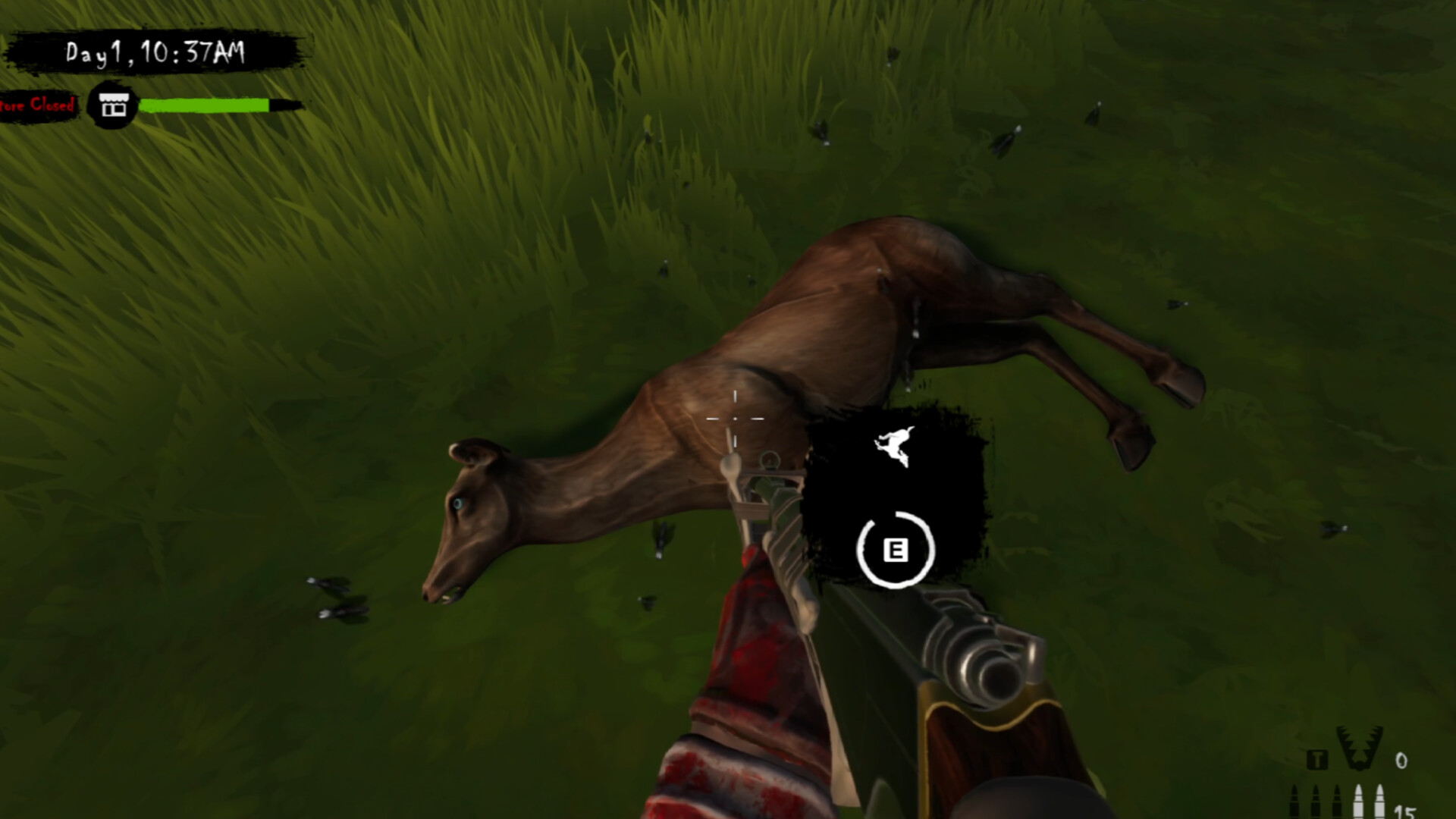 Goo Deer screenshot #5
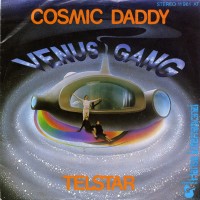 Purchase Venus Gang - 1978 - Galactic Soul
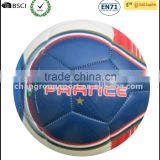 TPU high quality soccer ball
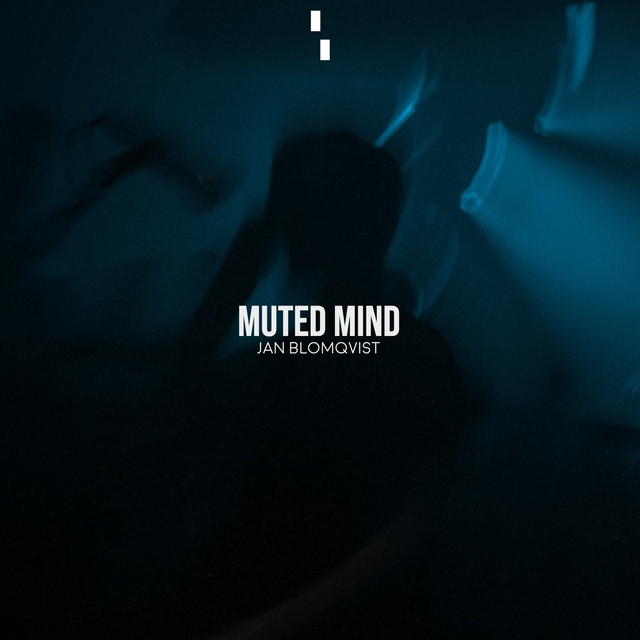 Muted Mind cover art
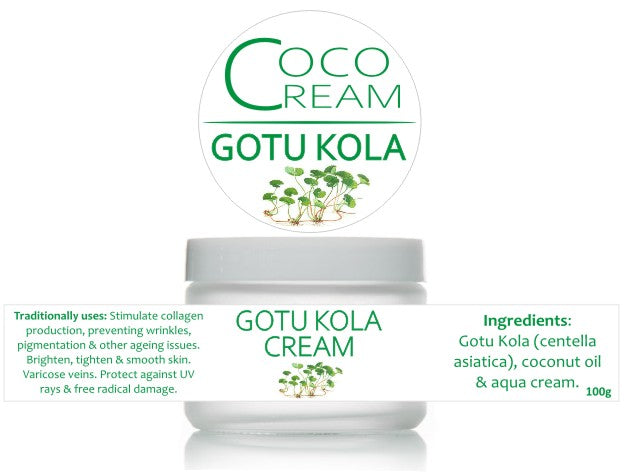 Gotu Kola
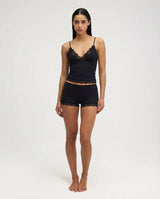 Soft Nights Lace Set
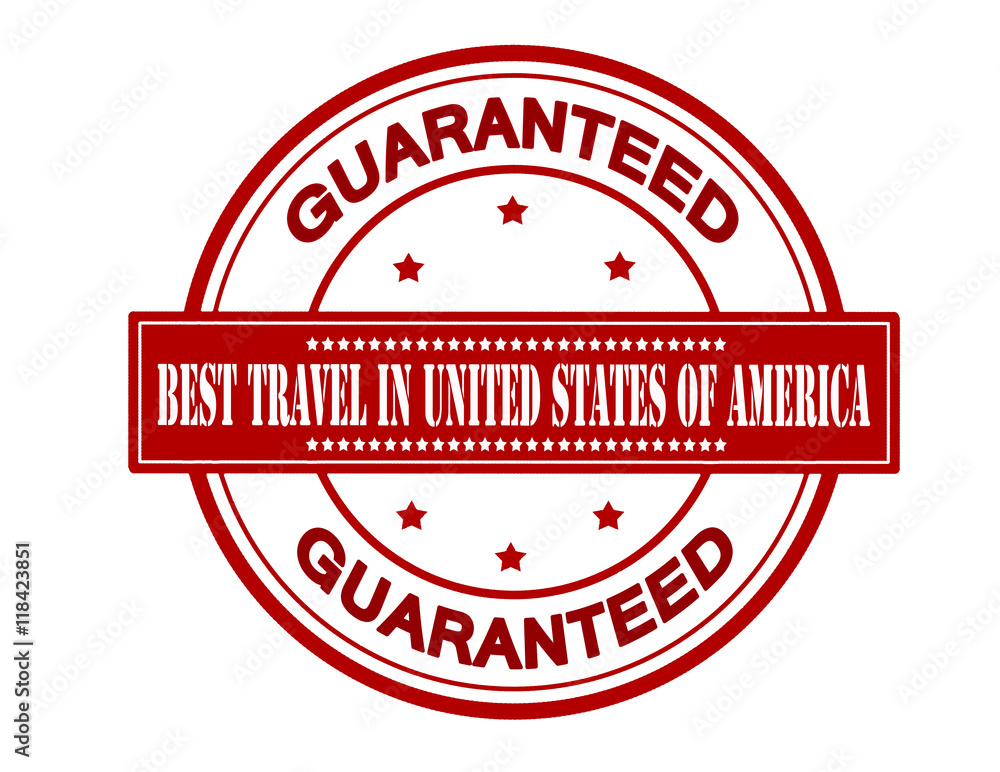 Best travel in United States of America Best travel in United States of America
■ ■ ■ ■
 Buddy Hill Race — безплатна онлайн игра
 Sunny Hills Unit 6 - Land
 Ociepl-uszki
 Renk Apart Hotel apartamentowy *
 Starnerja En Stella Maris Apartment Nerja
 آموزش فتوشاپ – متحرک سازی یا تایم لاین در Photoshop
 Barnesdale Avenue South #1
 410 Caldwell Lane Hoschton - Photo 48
■ ■ ■ ■
» **About this exercise**:
Within the listing above, the lines from the one with "Purchase Venus Gang - 1978 - Galactic Soul" through the one with "Best travel in United States of America Best" are to be given again word for word. Do not include pictures.

» **Reply**:
 Purchase Venus Gang - 1978 - Galactic Soul
 TPU high quality soccer ball
 Muted Mind cover art
 Gotu Kola
 Soft Nights Lace Set
 Best travel in United States of America Best travel in United States of America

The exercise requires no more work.